Karayip Korsanları'nın çekildiği Lanikai plajı Amerika'nın en ünlü talk-show'cusu Oprah Winfrey ve Michelle Pfeiffer’in evlerinin de bulunduğu çok güzel bir koy. Hemen yanındaki Kaiula Beach ise ABD’nin en güzel 10 plajından birisi olarak anılıyor. Ayrıca Diamond Head krateri, mercanları ve renkli balıklarıyla koruma altına alınan Hanauma Bay ve North Shore bölgesi de adanın görülmesi gereken yerleri arasında.
Karadan gezdiğimiz adayı ayrıca helikopter turu yaparak havadan da gördük. Cüneyt resimleri çekti, ben de kamera çekimi yaptım. Daha önce Las Vegas'dan Grand Canyon’a kadar süper bir helikopter deneyimi yaşadığım için bunun da çok güzel olacağına emindim, nitekim harika bir yolculuk oldu. Özellikle şahane Ka'a'awa vadisinin içinden geçerken sarp dağlarla burun buruna gelmek ve dağların arasından akan şelaleleri izlemek çok heyecan vericiydi.
Helikopter turu sırasında ayrıca 1941'de Japon uçaklarıyla bombalanan Pearl Harbor'da batan USS Arizona ve USS Utah gemilerini de havadan gördük. USS Arizona'nın hemen üstüne onun anısına beyaz bir memorial yapmışlar. Savaşta kurtulan USS Bowfin denizaltısının da içini gezdik. Hayatımda ilk defa bir denizaltıya girdim, aman yarabbim ne kadar daracıktı; kamaralar, mutfak, yemek salonu vb. inanılmaz dar ve klostrofobikti. İnsanlar bir denizaltında nasıl yaşıyorlar acaba? Acıdım vallahi hallerine:((
Hawai’de yapılması gereken şeylerden biri de yöresel dans ve müzik şovları olan “Luau” izlemek. Birçok değişik Luau gösterisi var, ben Paradise Cove Luau’ya gittim. Polinezya kültürünü tanıttıkları ve ada halkının günlük yaşamını da sergiledikleri birkaç saatlik aktivite bana çok turistik gelse de akşamki şov oldukça başarılıydı. Hem vücutları hem de kendileri gayet güzel olan kızlar ve yakışıklı çocukların yerel kıyafetleriyle yaptıkları Hawai ve Tahiti dansları oldukça hoş ve seksiydi. Özellikle ateşle dans eden çocuğun gösterisi çok iyiydi. Benden birkaç ay önce bu şovu izlemeye ünlü şarkıcı Rihanna da gitmiş. O gider de ben gidemem mi, benim neyim eksik ayol :))

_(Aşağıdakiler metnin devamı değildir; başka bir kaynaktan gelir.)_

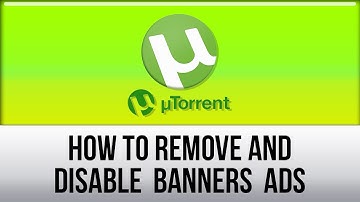 UTorrent - How To Remove Disable Banner Ads From (Update 2015)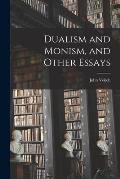 Dualism and Monism, and Other Essays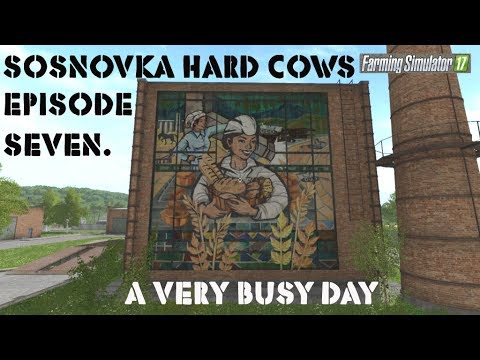 Farming Simulator 17 Console Sosnovka Hard Cows Play Through Episode 7: A Very Busy Day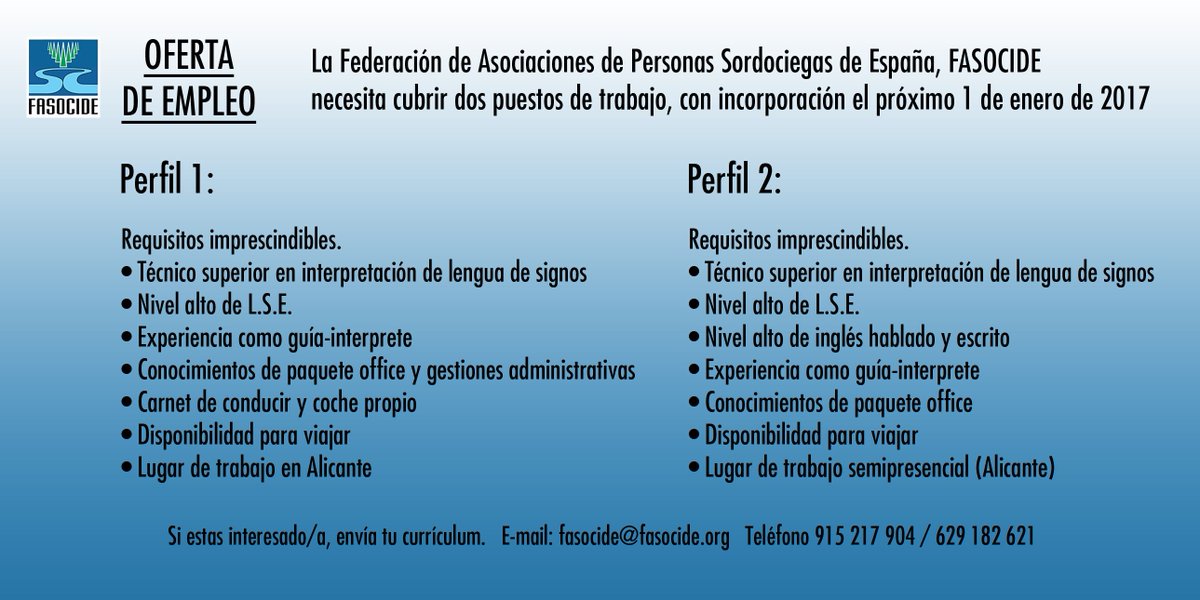 FASOCIDE's tweet photo. NUEVA OFERTA DE EMPLEO: 2 puestos a cubrir en 2017 #OfertaDeEmpleo #trabajo #BolsaDeTrabajo #ilse #gi #guíaintérprete #gilse https://t.co/07JUlVQETs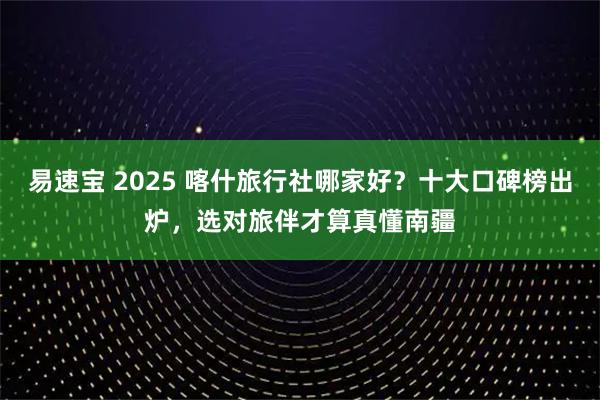 易速宝 2025 喀什旅行社哪家好？十大口碑榜出炉，选对旅伴才算真懂南疆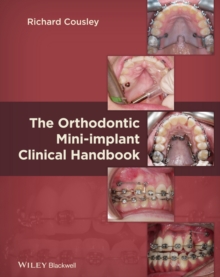 The Orthodontic Mini-Implant Clinical Handbook, Hardback Book The Orthodontic Mini-Implant Clinical Handbook, Hardback Book
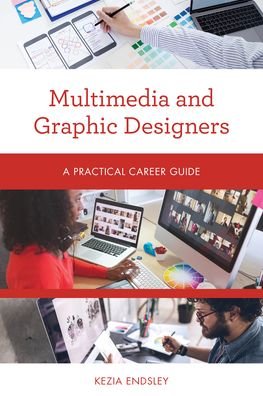 Cover for Kezia Endsley · Multimedia and Graphic Designers: A Practical Career Guide - Practical Career Guides (Pocketbok) (2020)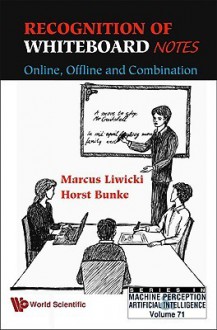 Recognition Of Whiteboard Notes: Online, Offline And Combination (Machine Perception And Artificial Intelligence) - Horst Bunke, Marcus Liwicki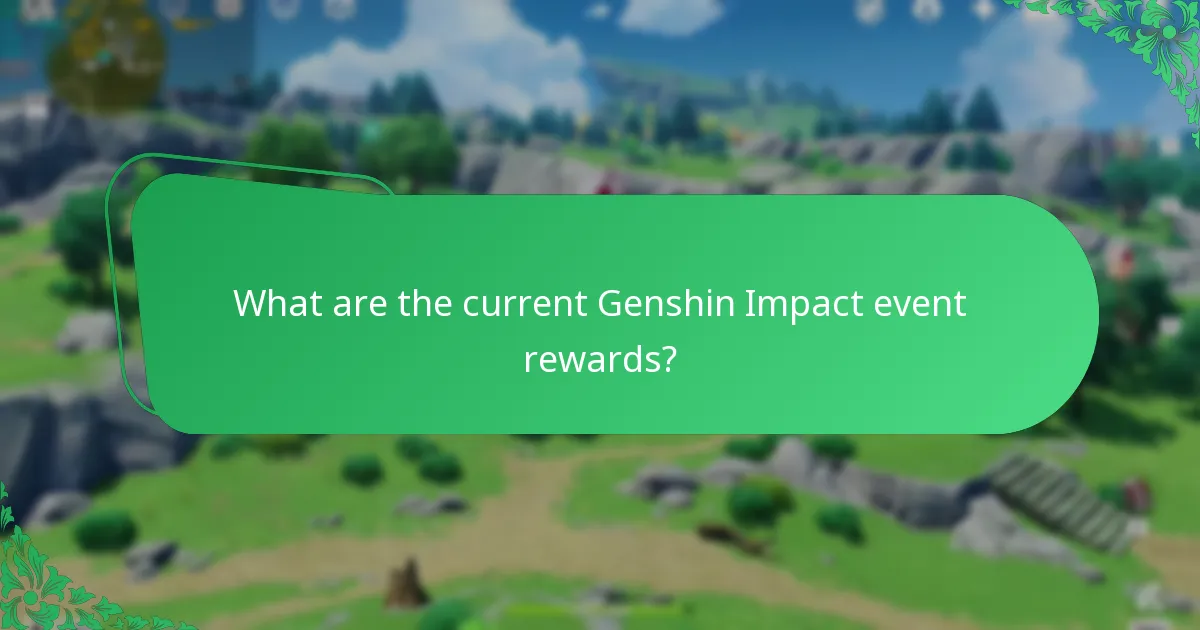 What is the value assessment of current event rewards?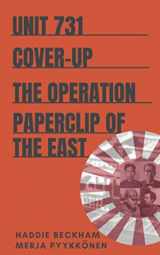 9781947766358-194776635X-Unit 731 Cover-up: The Operation Paperclip of the East (Uncovering Unit 731)
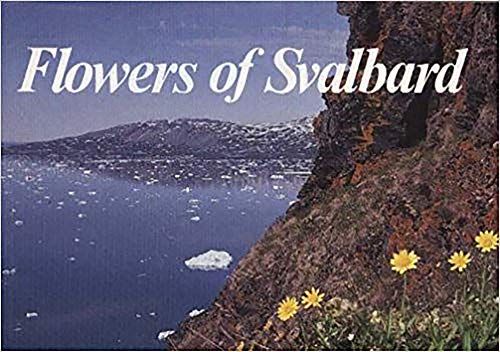 Stock image for Flowers of Svalbard for sale by Monster Bookshop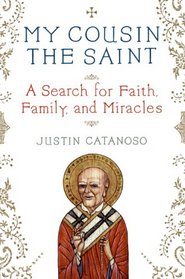 My Cousin the Saint: A Search for Faith, Family, and Miracles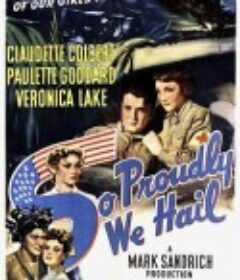 骄傲欢呼 So Proudly We Hail!            (1943)
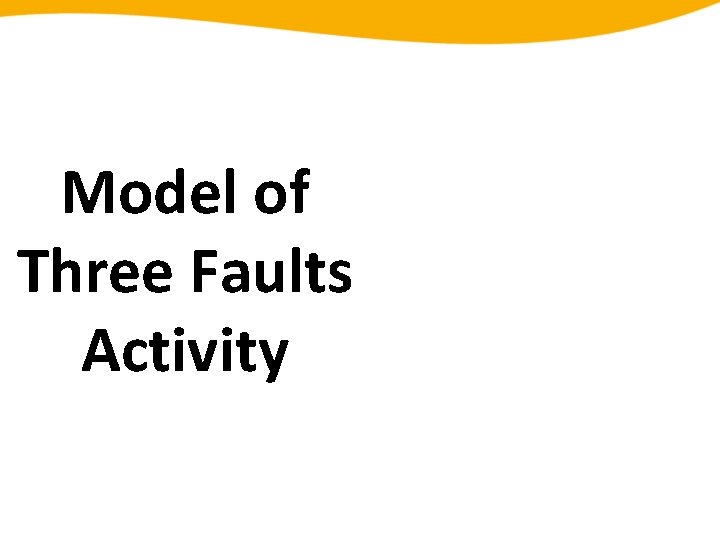Model of Three Faults Activity 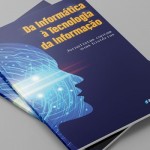 Capa do livro "Da informática à tecnologia da informação - Jornalistas contam suas histórias"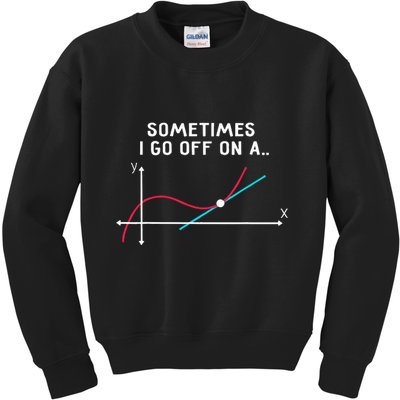 Math Teacher Gifts Sometimes I Go Off On A Tangent Kids Sweatshirt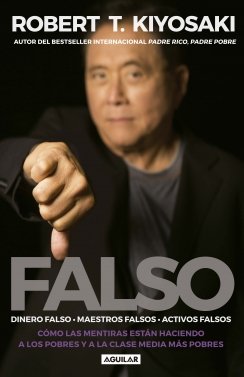 FALSO — Robert T. Kiyosaki
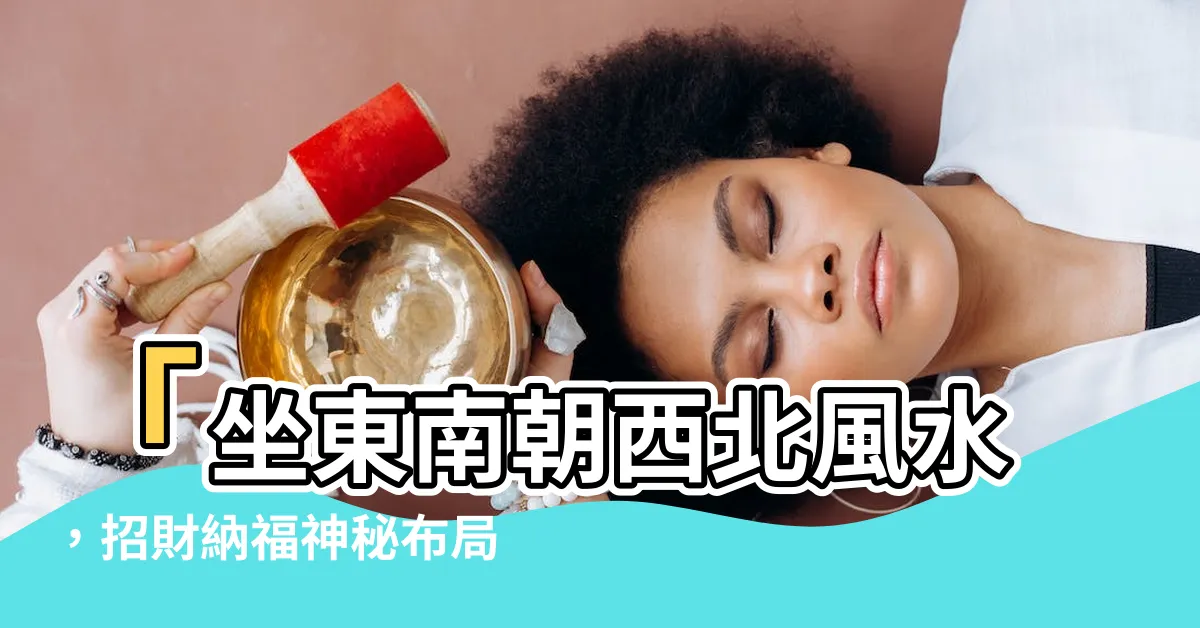 【坐東南朝西北風水】「坐東南朝西北風水，招財納福神秘佈局曝光！」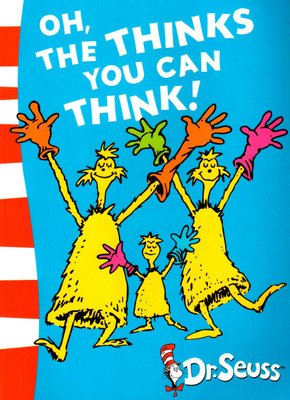 OH, THE THINKS YOU CAN THINK!(English, Paperback, Seuss, Dr)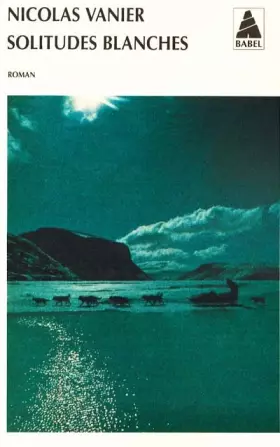 Couverture du produit · Solitudes blanches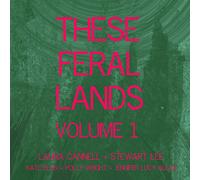 Laura Cannell, Stewart Lee And Friends - These Feral Lands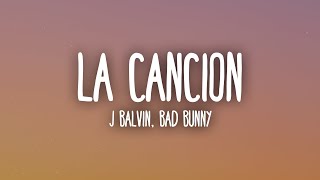 J BALVIN x BAD BUNNY  LA CANCIÓN LetraLyrics [upl. by Margaux]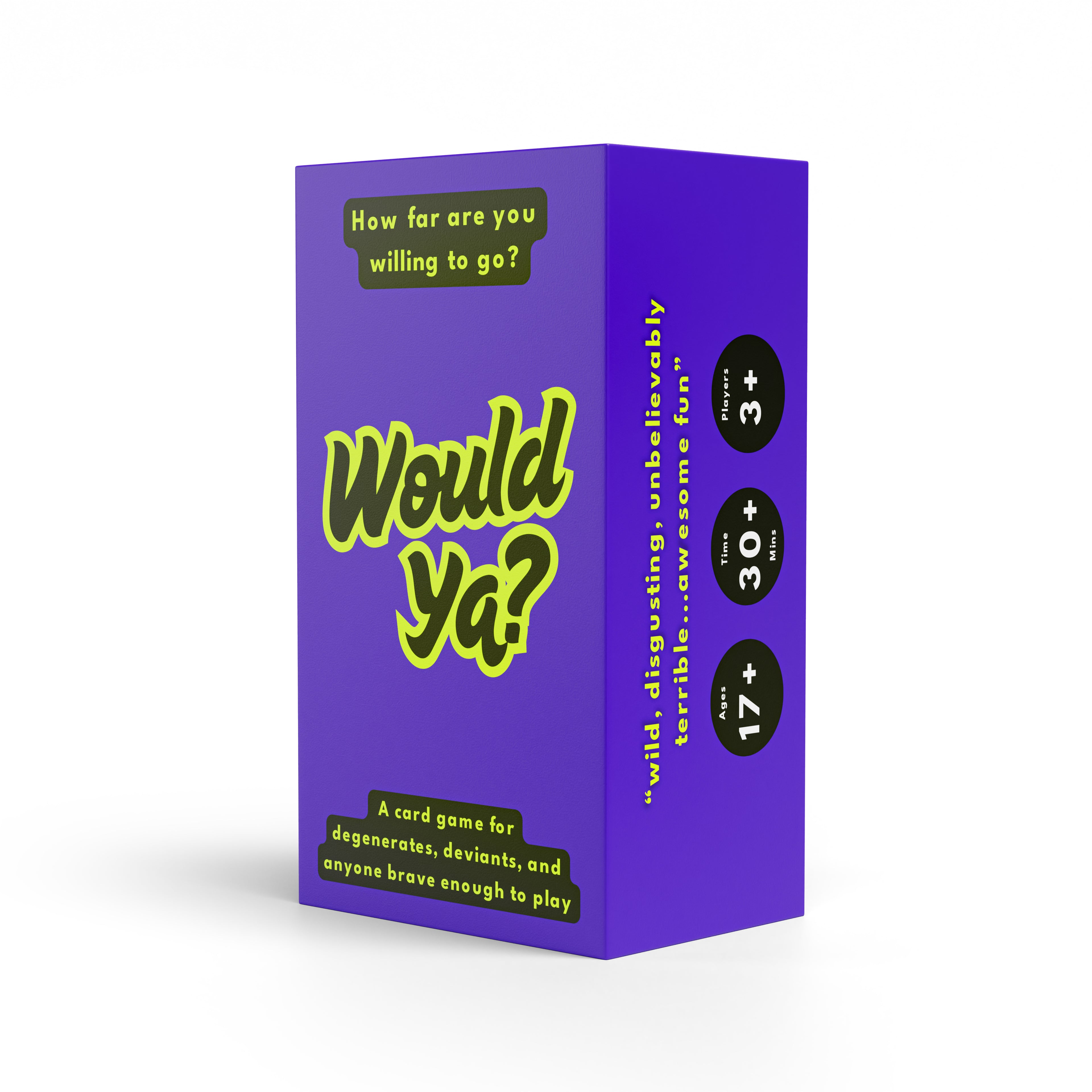 Would Ya? Preorder & Save $15 (Reg. $59)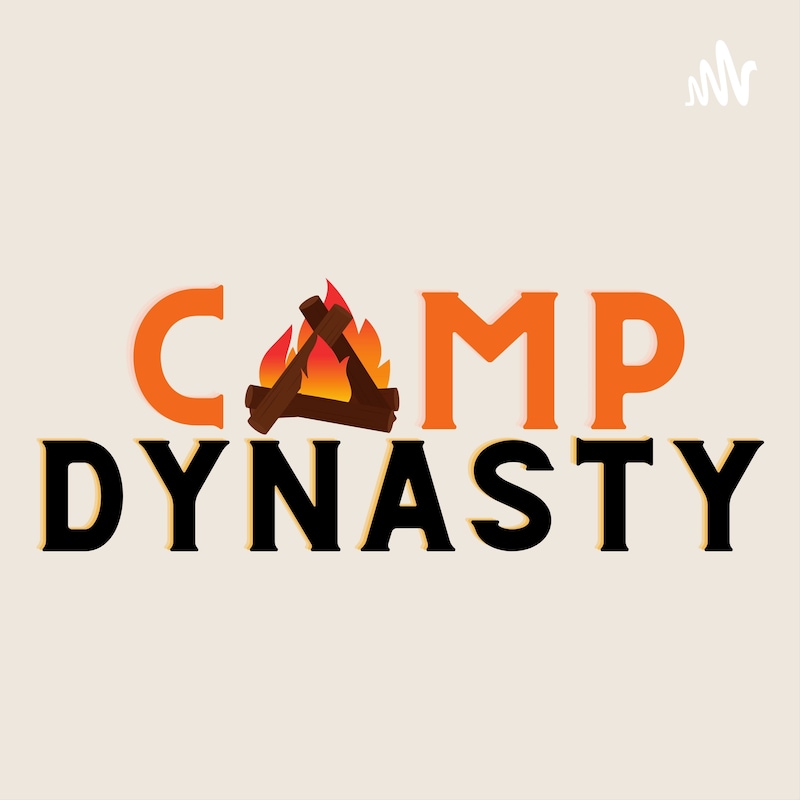 Artwork for podcast Camp Dynasty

Hawai'de gün batımı da bir başka güzel. Adanın 3 ayrı yerinden gün batımı izledim. Bir akşam güneybatı tarafındaki Paradise Cove'da, diğer bir gün kuzeybatıdaki Sunset beach'de ve başka bir akşam da güneydoğudaki Waikiki plajında güneşi batırdım. Her seferinde de birbirinden hoş manzaralar vardı.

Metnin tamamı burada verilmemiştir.